A really nice day hike in a very rural area of Korea that provides some fantastic views of the infamous Iron Triangle from the Korean War as well as North Korea is Godaesan Mountain. To reach the start of the trail to this peak, visitors have to travel to South Korea’s northern most train station in the tiny village of Shintan-ri:
My brother-in-law and myself took the Gyeongwon Line train north from the Seoul suburb of Uijongbu to this small village in order to climb this isolated peak:
The train ride from Uijongbu is about an hour and a half to include stops in Dongducheon, Jeongok, and Yecheon along the way. The train station at Shintan-ri is typical of older train stations found in Korea:
From this train station the Gyeongwon line once ran all the way to the major industrial port city of Wonsan in North Korea. However, the division of the country has caused this line to be severed here at Shintan-ri.

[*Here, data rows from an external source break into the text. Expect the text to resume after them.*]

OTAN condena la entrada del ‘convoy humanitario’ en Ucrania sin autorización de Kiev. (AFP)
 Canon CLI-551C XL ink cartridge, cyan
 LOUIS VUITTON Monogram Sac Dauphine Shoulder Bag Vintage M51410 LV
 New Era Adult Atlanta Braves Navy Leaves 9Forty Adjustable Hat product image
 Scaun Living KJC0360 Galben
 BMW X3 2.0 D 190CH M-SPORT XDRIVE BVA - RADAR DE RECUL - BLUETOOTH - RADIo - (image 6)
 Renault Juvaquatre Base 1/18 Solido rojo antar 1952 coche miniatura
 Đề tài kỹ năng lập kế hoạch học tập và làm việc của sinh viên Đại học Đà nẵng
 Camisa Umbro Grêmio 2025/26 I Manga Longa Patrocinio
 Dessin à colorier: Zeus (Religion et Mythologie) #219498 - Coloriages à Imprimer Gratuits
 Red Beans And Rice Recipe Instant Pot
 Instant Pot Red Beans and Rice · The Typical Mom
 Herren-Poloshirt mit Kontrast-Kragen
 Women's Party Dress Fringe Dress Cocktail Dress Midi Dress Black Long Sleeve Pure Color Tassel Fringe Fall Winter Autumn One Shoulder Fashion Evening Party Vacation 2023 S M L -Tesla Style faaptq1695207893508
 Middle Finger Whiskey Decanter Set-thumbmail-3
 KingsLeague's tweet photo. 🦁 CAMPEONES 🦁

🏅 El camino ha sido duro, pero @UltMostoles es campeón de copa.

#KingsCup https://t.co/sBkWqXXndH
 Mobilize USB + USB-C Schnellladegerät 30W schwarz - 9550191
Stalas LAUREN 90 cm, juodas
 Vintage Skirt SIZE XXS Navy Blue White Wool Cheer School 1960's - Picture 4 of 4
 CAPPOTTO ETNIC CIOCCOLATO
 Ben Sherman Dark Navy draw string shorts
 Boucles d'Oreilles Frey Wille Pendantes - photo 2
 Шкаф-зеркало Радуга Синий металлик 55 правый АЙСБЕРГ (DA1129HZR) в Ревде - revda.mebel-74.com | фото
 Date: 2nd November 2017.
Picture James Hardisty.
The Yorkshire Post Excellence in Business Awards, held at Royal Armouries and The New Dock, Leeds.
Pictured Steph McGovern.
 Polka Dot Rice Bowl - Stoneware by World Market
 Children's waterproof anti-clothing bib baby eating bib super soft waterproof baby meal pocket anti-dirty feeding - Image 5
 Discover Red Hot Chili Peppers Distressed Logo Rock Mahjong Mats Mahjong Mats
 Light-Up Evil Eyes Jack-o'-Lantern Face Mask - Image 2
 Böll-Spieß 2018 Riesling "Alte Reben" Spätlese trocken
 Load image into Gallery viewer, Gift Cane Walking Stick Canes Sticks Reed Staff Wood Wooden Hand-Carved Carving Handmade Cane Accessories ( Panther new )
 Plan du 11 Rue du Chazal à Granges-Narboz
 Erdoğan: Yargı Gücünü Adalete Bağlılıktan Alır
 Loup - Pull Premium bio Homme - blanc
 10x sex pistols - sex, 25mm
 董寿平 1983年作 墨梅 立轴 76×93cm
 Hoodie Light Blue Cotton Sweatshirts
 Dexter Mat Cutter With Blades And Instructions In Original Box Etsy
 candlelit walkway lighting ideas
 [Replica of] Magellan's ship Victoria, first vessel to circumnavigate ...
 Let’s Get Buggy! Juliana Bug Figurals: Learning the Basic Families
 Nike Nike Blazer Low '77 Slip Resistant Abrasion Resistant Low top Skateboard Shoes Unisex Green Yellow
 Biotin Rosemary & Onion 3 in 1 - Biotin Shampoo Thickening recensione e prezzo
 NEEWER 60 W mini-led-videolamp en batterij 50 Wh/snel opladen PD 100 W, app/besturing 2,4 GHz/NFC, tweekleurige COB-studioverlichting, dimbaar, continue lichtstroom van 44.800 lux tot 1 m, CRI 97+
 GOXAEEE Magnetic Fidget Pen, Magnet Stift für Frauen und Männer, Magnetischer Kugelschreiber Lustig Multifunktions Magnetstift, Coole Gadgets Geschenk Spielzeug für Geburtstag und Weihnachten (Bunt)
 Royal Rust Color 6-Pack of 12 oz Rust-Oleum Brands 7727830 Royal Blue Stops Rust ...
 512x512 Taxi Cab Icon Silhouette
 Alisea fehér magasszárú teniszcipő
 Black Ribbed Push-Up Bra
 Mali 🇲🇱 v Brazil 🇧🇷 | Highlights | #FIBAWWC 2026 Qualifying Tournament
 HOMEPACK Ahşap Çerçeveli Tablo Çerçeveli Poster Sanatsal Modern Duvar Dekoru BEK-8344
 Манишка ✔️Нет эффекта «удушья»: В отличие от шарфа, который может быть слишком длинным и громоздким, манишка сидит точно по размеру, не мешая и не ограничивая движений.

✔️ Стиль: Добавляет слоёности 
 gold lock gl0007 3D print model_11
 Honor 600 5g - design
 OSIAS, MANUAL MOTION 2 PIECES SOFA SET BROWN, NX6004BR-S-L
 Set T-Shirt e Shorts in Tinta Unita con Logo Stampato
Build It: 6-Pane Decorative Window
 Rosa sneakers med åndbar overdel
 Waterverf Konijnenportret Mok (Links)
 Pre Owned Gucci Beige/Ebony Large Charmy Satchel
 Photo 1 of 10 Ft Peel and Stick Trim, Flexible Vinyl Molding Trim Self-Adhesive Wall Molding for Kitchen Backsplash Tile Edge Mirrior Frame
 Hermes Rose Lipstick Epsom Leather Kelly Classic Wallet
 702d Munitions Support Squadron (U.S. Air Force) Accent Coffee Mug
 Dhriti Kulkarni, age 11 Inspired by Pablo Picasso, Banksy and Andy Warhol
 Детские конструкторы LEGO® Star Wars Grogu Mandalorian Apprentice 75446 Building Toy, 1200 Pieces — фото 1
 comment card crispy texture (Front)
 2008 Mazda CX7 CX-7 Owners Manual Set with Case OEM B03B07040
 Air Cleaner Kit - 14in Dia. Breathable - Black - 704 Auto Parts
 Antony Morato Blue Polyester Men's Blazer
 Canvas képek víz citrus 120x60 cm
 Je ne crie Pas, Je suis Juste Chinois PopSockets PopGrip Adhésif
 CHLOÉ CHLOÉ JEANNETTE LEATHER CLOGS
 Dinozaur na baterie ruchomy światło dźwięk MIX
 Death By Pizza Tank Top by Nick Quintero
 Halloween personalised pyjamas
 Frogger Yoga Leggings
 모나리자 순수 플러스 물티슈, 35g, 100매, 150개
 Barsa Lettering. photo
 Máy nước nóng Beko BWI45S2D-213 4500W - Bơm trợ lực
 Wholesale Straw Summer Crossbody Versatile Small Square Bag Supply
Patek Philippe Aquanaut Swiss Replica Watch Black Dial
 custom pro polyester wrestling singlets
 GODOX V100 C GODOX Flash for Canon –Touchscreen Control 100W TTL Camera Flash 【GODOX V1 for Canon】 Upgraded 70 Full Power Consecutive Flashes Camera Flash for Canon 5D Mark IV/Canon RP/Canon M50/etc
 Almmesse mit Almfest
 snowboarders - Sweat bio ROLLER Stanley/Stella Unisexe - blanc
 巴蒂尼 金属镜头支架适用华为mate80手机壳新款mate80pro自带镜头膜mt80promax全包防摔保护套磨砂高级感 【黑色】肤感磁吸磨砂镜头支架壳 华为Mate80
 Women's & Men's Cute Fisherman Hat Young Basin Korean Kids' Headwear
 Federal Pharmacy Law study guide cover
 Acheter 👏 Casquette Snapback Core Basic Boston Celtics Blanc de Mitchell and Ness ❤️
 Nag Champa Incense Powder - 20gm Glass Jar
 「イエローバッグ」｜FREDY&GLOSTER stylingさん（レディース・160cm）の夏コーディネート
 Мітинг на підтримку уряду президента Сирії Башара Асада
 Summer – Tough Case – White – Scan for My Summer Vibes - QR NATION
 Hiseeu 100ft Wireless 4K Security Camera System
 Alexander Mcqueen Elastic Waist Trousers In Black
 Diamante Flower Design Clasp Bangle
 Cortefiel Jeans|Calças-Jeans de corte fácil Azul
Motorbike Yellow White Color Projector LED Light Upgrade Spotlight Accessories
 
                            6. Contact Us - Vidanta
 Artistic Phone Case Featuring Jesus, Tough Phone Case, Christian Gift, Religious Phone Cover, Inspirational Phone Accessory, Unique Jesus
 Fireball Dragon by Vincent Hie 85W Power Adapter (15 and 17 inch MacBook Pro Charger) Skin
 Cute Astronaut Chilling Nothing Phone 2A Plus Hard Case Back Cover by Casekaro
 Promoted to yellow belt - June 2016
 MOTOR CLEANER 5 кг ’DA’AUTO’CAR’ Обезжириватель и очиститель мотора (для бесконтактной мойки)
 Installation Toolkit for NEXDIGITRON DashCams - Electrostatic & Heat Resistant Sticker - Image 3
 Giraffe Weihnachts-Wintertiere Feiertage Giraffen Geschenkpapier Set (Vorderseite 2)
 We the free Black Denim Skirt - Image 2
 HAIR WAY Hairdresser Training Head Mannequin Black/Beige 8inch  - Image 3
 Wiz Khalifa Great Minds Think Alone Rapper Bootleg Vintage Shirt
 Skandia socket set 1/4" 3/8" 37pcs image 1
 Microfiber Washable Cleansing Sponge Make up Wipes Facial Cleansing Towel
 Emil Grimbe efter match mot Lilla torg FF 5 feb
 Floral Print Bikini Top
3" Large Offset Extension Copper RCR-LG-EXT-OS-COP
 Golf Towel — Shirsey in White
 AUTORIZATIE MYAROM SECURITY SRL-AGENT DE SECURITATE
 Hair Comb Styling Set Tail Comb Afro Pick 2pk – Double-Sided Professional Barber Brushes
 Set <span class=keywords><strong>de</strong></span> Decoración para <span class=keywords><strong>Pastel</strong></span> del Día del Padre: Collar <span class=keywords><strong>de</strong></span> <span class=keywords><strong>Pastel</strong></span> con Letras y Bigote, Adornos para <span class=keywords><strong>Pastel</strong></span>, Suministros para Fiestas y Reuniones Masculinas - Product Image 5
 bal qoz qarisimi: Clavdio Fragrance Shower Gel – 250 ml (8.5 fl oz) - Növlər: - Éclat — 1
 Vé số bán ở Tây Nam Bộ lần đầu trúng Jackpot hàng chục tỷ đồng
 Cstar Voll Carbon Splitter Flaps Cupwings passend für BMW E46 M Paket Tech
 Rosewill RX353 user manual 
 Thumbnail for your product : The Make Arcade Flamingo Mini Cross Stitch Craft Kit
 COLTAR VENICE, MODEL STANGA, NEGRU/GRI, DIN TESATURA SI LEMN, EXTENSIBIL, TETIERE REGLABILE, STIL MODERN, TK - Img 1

Shintan-ri is home to only a few hundred people and a very rural area surrounded by some beautiful, green scenery:
Shintan-ri is just a really pleasant to place to get away from the hustle and bustle of Korea’s busy cities and experience some peace and quiet and fresh air in rural Korea. As my brother-in-law and I walked from the train station towards the trail head, the 832 meter Godaesan Mountain was easily visible in front of us:
At the start of the trail head there is a large map that shows the variety of trails to the top of Mt. Godaesan:
Most of the trails to the summit are 4 kilometers long which was the length of the route my brother-in-law were taking to the summit of the mountain. The trails to the summit are estimated to take about three hours to get the top of the mountain. My brother-in-law and myself were in good shape so we figured it would probably take about two hours to get up the mountain. As we started up the trail the first thing that really stands out about Mt. Godae is how lush and thick the forest that covers this mountain is:
The forest was really pleasant to walk through, but before we knew it we ascended above the lush forest below on the steep trail. This gain in elevation eventually rewarded us with great view looking down on Shintan-ri where we began our hike:
The mountains you actually see in the far background are actually in North Korea since this village is so close to the DMZ. From the opening in the foliage we also had a view back down the scenic valley towards Dongducheon that the train travels up to reach Shintan-ni:
From this opening in the foliage the trail quickly is absorbed by the thick bush once again obscuring all views. Something that the bush didn’t obscure was the lone bit of wildlife we saw during our entire hike, which was this lizard:
After little less then 2 hours of hiking we both emerged above the tree line and made the short walk up a ridge line to the summit of the mountain. The summit of Godaesan has some spectacular views of Korea’s Northern Gyeongi-do province. Here is the view of the steep and rugged mountains to the south of the mountain:
Way off in the distance I could actually make out the shape of Soyo Mountain near Dongducheon, which is one of my favorite mountains to go hiking at in Korea. Godaesan is actually even more scenic then Mt. Soyo. To the north, the summit provides a spectacular view of the Iron Triangle area of the DMZ:
This large farming valley is where the major regional city of Shin-Cheolwon in Gangwon Province is located. The original city of Cheolwon was completely destroyed by the Korean War and only some ruins of the city remains today. With such a good viewpoint of the Iron Triangle, it is no surprise that a small South Korean Army installation is located on one of the peaks of the mountain:
From the summit of Mt. Godae the most striking landmark of the Iron Triangle is the memorial that commemorates the Battle of White Horse Hill, which was a ferocious fight between the South Korean Army and the Chinese during the Korean War:
White Horse Hil is actually the land mass in front of the hill that the memorial sits on, but it is still hard to believe that the fight to control that little hill was worth the lives of over 10,000 people combined who perished on both sides.
Anyway after checking out the summit and enjoying the fresh air my brother-in-law and I proceeded to head back down the mountain, which only took us about an hour to do. All in all we spent about 5 hours on the mountain before getting something to eat at a restaurant tent near the trail head. For whatever reason some of the best food I find in Korea is in these tent restaurants usually in the middle of nowhere like this place. My brother-in-law and I had some excellent Korean BBQ bacon called “samgeopsal” and more then our fair share of rice wine called “makeoli”.
It is days like this one that really make me love Korea.